Hi,
Sorry to contact you with another question, but after resolving the postproc_atmos problem by increasing the time limit (see my previous topic), it has now failed at the postproc_nemo stage, giving me the following error:
[SUBPROCESS]: Error = -9:
WARNING: libu: memcpy AMD cpuid detection failed
[ERROR] /work/y07/shared/umshared/nemo/utils/src/REBUILD_NEMO/BLD/bin/rebuild_nemo.exe: Error=-9
→ Failed to rebuild file: /work/n02/n02/cjrw09/cylc-run/u-df570/share/data/History_Data/NEMOhist/rebuilding_DF570O_18501201_RESTART/df570o_18501201_restart.nc
[FAIL] Command Terminated
[FAIL] Terminating PostProc…
[FAIL] main_pp.py nemo <<‘STDIN’
[FAIL]
[FAIL] ‘STDIN’ # return-code=1
2024-05-15T00:26:54Z CRITICAL - failed/EXIT
slurmstepd: error: Detected 1 oom-kill event(s) in StepId=6574852.batch. Some of your processes may have been killed by the cgroup out-of-memory handler.
Is this a memory/storage problem (as the first line might suggest) or because it cannot build that certain file? If the latter, what is that file - I haven’t come across that one before?
Thank you,
Charlie
Hi Charlie,
I would first try increasing the memory by adding e.g.
[[[directives]]]
--mem=25G
to the [[POSTPROC_RESOURCE]] section in site/archer2.rc file
If it still OOMs then I would put the task on a compute node (standard) queue instead.
Cheers,
Ros.
Hi Charlie
If Ros’s suggestion doesn’t work - try to run postproc on a compute node. In site/archer2.rc
change
[[POSTPROC_RESOURCE]]
inherit = HPC_SERIAL
pre-script = """
module load postproc
module list 2>&1
ulimit -s unlimited
"""
to
[[POSTPROC_RESOURCE]]
inherit = HPC
pre-script = """
module load postproc
module list 2>&1
ulimit -s unlimited
"""
[[[directives]]]
--nodes = 1
--ntasks = 1
--tasks-per-node = 1
--cpus-per-task = 4
reload the suite and retrigger the task.
Grenville
Okay, many thanks, that seems to have worked without Grenville’s additional suggestion. In fact it completed in just under 15 minutes.

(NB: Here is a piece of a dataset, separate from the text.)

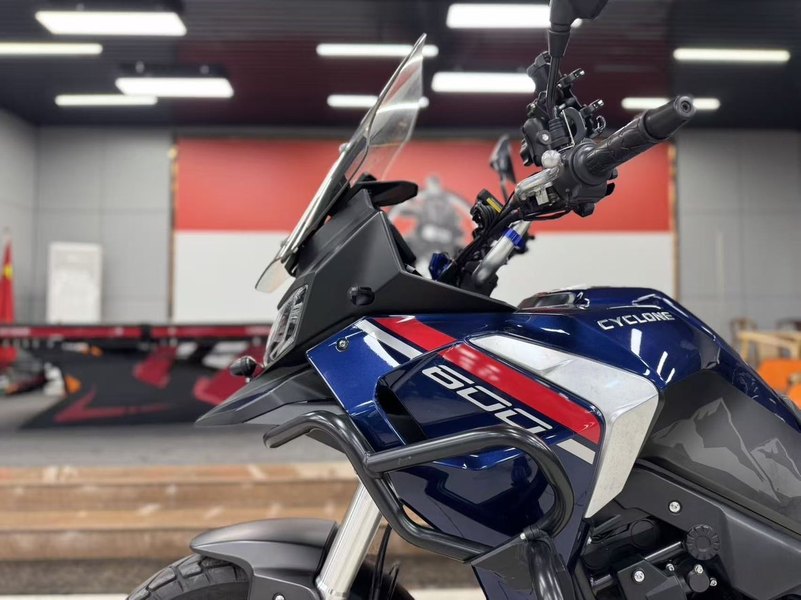 二手赛科龙RX600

By the way, when I do a rose suite-run --reload (after shutting down my computer i.e. starting from a fresh window), is the suite GUI meant to reappear? If so, it doesn’t. The only way I can see the progress of my suite is by doing cylc gscan&. Is this right?
It has now, perhaps unsurprisingly, failed at the next, pptransfer stage, giving me the following error:
[SUBPROCESS]: Error = 1:
Error loading source credential: GSS failure:
GSS Major Status: General failure
GSS Minor Status Error Chain:
globus_sysconfig: File does not exist: /work/n02/n02/cjrw09/cred.jasmin is not a valid file
But would you like me to open a new ticket for this?
Charlie
Hi Charlie,
To relaunch the cylc gui for a particular suite:
puma2$ cd ~/roses/<suiteid>
puma2$ rose sgc
rose suite-run --reload reloads the suite definition for a running suite
In order for pptransfer to work using gridftp you need to follow the pptransfer setup instructions first which include generation of the cred.jasmin - JASMIN short-lived credential.
Cheers,
Ros.
Thanks very much Ros, have done that. Do we really need to refresh our short lived credential every 30 days, seems a bit of a faff?!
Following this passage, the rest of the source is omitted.